How can you protect yourself? Do not be tricked by anyone claiming to use or for Social Security or Medicare as an independent, private business enterprise. Don't be mislead by advertisements claiming that professionals will get you better or faster results if you use their services (by way of example, a company that purports to provide you with a replacement card within an expedited basis). And do not cover services which need to be free. If you're not sure what you are paying for, then ask for a breakdown of the charges upfront.

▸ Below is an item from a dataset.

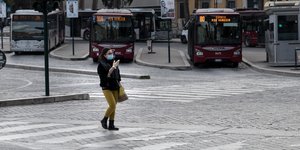 Γυναίκα φορά μάσκα λόγω του κορωνοϊού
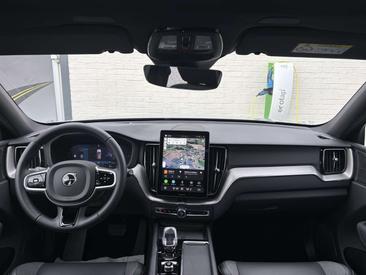 Volvo XC60 T8 Recharge Plus — photo 5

Taxpayers will also be encouraged to remain awake for an ongoing telephone scam out of thieves pretending to be away from the SSA. As part of this scam, similar to the IRS phone scam, scammers try to persuade you to give up private information, like Social Security numbers and bank account numbers, on the telephone. In another instance, a caller claims to be in"SSA headquarters" and asks you to verify personal data, such as an SSN," new" Medicare number, address, and date of birth.

The Acting Inspector General of Social Security,'' Gale Stallworth Stone, has warned people to be wary, and to prevent supplying details such as your SSN or bank account numbers to unidentified persons over the phone or internet unless you are certain of who's getting it. "Be conscious of suspicious calls from unknown sources, and when in doubt, get in touch with the official thing to validate the validity of the call," Stone said.

When in doubt, assume it's a scam. If you are unsure whether a call is valid, hang up and call back with an official amount (do not simply use the caller ID number in your phone because those may be spoofed).

If you know that it is a scam, don't participate with scammers or thieves, even in the event that you want to inform them that you know it is a scam, or you believe that you can bust them. Simply hang up.